We Stopped Writing Code for Tickets.

A Plane ticket gets the ai-ready label. A webhook fires. Claude Code picks it up, reads the codebase, writes the code, runs tests, self-heals if they fail, and opens a merge request on GitLab. We review the MR. That is it.

No copy-pasting prompts. No babysitting. No context-switching. The pipeline handles the mechanical work — and we handle the decisions.

This post covers how we built it, what we learned from the community before building it, what failed, what worked, and what running real tickets through it actually looks like.

The Problem With How Software Gets Shipped

Before getting into the solution, it is worth naming the problem clearly.

Every engineering team has a version of this: the ticket queue grows faster than the team can clear it.

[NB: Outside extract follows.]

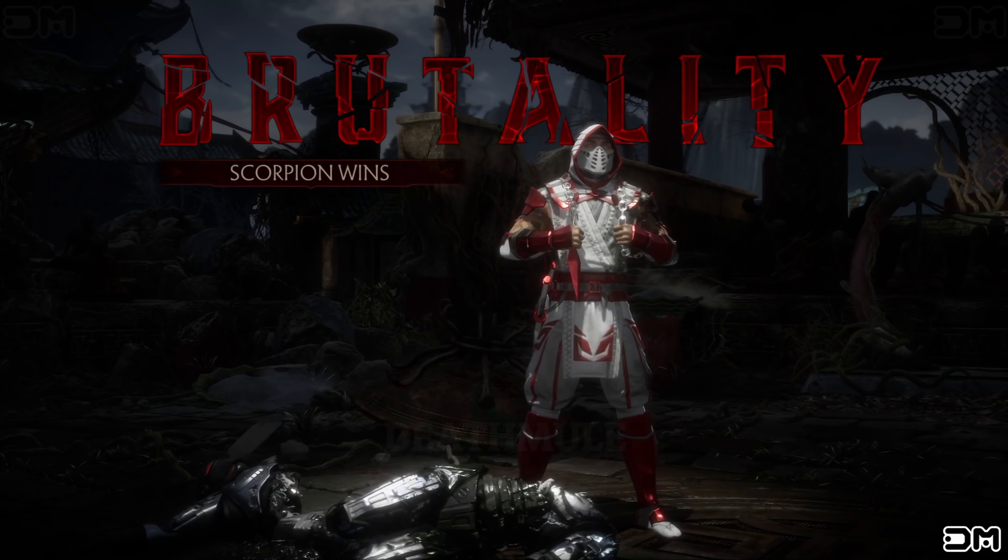We do not have to do this. All cyborgs are abominations. You have no proof for that charge. Round one. Fight. Scorpion wins. Flawless victory.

Boilerplate implementation eats 40% of every sprint. Context gets lost between planning and implementation. Tests are a “we’ll add them later” promise that compounds into technical debt. PR reviews sit for two days, then go through another round.

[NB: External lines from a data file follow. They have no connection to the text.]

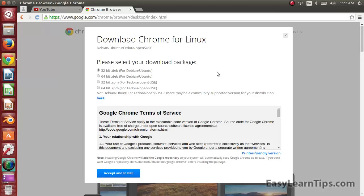Often when you search for applications on the internet you will find different versions of the application for 32 and 64 bit OS. So here is a quick tip on how to find out your OS type.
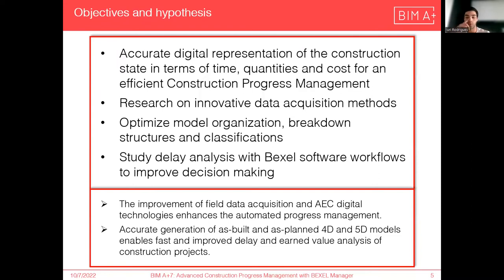To overcome these problems, the aim of the study is to provide an accurate digital representation of the construction progress in terms of time, quantity and costs for an effective progress management to deliver projects efficiently on time and budget. For this, special focus was given to the research of innovative data acquisition and entry methods for construction monitoring, model organization as well as work breakdown structures and classifications, and also the study of a delay analysis with Bexel Manager software workflows to improve the process of decision making.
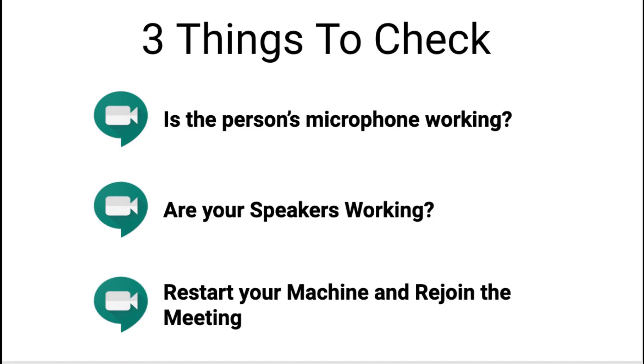The first two checks end up accounting for about 99% of the times anyone's ever asked me how to solve this issue. If those two things didn't work, you have one more option to try before calling for help, and that is to restart your machine and then rejoin the meeting and try again.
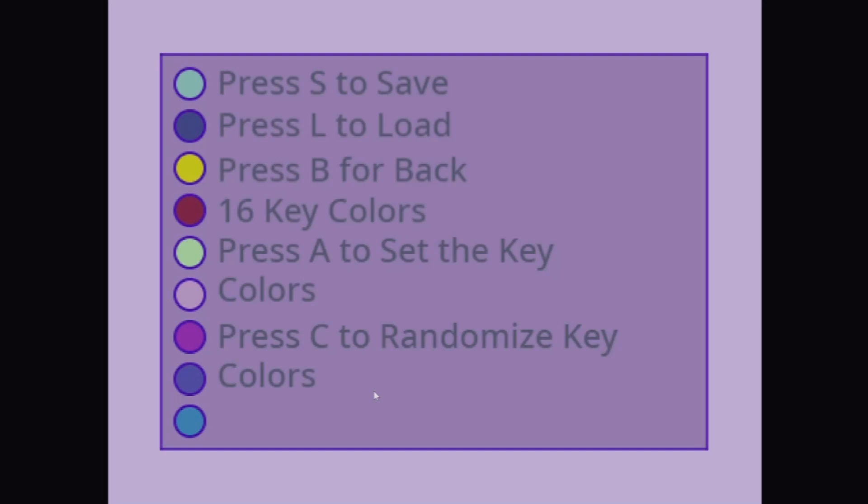This can be fixed in the future. Use the arrow keys to scroll the key colors.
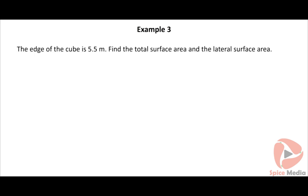Let us look at an example to find the surface area of a cube. The edge of the cube is 5.5 meters. Find the total surface area and the lateral surface area. Click on the solution button to view the solution.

None of this is hard work. Most of it is mechanical — read a requirement, find the right file, make the change, write a test, open a PR. Humans are doing work that a well-structured AI pipeline should be able to handle.

The question we asked ourselves: can we build that pipeline ourselves, on our own infrastructure, using tools we already have?

The answer is yes. But it took us three iterations and a lot of reading to get there.

What We Studied Before Building

We did not want to build something based on vibes and hope. We spent time studying every major approach the community had published, extracted the key insight from each, and then combined what was proven.

Anthropic’s Harness Blueprint for Long-Running Agents

Anthropic published internal research describing how they built a C compiler using Claude agents across 2,000 sessions. The key architecture: three agents in sequence — an Initializer that writes a feature list and project plan, a Generator that implements one feature at a time with hard context resets between features, and an Evaluator that grades the output by actually running the code.

The most important artifact from this research is not the agent architecture. It is the progress file — a plain text file the agent writes after every phase, and reads first on every new session. When the context window fills up, when a session dies, when a human follow-up restarts the run — the agent reads this file and picks up exactly where it left off. No repeated work. No lost context.

We use this pattern throughout our pipeline. Every phase writes to claude-progress.txt. It is the agent’s portable long-term memory within a single ticket run.

The Ralph Wiggum Loop

A pattern that went viral in the Claude Code community: a simple bash loop that feeds the agent the same goal repeatedly until it succeeds.

The agent works, gets partway through, exits. The loop feeds it back in. The agent sees its own git history from previous attempts. It tries a different approach. It iterates.

This sounds too simple to be useful. In practice, it is extremely effective for mechanical tasks with clear success criteria. “All tests pass” is a clear success criterion. We use this pattern for our self-healing retry loop — the agent does not retry the same fix, it analyzes what failed and tries from a different angle.

The BMAD Method

BMAD uses 12 specialized agents across four phases: Analysis, Planning, Solutioning, and Implementation. The key insight we took from BMAD is document sharding. Do not feed the agent a 47-file work plan and expect coherent execution. Break the plan into atomic shards where each shard fits within one context window. Process shard 1, verify it, then process shard 2.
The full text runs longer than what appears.